Access to HDF5 is provided by the PyTables library (``tables``).
Multiple processes are launched to read a HDF5 in parallel, allowing concurrent decompression.
Data is streamed back to the invoker by use of shared memory space, removing the usual multiprocessing
communication overhead.

The data is organised by rows of an array (elements of the outer-most dimension), and groups of these rows form blocks.
By default, there is **no guarantee** on the ordering of the rows and/or blocks returned to the user, due to the
concurrent nature of the library. They are returned as they become available. On-disk ordering can be forced using
the ``ordered`` option, which may result in a performance penalty.
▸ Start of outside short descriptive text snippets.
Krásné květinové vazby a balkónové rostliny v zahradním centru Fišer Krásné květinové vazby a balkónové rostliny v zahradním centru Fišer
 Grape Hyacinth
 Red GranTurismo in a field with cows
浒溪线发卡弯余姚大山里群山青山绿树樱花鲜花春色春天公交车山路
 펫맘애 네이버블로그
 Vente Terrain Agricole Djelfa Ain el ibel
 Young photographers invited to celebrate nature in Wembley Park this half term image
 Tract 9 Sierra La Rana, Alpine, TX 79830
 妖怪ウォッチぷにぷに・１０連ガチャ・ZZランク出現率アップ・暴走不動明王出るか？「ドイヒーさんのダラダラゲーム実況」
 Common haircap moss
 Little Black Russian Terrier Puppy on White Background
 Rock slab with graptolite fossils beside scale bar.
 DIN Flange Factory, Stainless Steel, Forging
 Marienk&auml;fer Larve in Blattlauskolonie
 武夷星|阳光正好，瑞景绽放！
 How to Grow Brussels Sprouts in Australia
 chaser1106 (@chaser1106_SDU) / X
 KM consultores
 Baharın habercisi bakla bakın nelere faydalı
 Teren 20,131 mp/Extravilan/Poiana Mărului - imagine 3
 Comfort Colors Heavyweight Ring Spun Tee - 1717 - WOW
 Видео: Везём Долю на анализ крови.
`Performance gains <http://multitables.readthedocs.io/en/latest/benchmark.html>`_ of at
least 2x can be achieved when reading from an SSD.

Licence
=======

This software is distributed under the MIT licence. 
See the `LICENSE.txt <https://github.com/ghcollin/multitables/blob/master/LICENSE.txt>`_ file for details.

Installation
============

::

    pip install git+https://github.com/ghcollin/multitables.git

or download and run
::

    python setup.py install

``multitables`` depends on ``tables`` (the pytables package) and ``numpy``.
The package is compatible with the latest versions of python 2 and 3.

Quick start
===========

.. code:: python

    import multitables
    stream = multitables.Streamer(filename='/path/to/h5/file')
    for row in stream.get_generator(path='/internal/h5/path'):
        do_something(row)

Examples
========

See the `how-to <http://multitables.readthedocs.io/en/latest/howto.html>`_ for more in-depth documentation, and the
`unit tests <https://github.com/ghcollin/multitables/blob/master/multitables_test.py>`_ for complete examples.

Documentation
=============

`Online documentation <http://multitables.readthedocs.io/en/latest/>`_ is available.
A `how to <http://multitables.readthedocs.io/en/latest/howto.html>`_ gives a basic overview of the library.
A `benchmark <http://multitables.readthedocs.io/en/latest/benchmark.html>`_ tests the speed of the library using various
compression algorithms and hardware configurations.

Offline documentation can be built from the ``docs`` folder using ``sphinx``.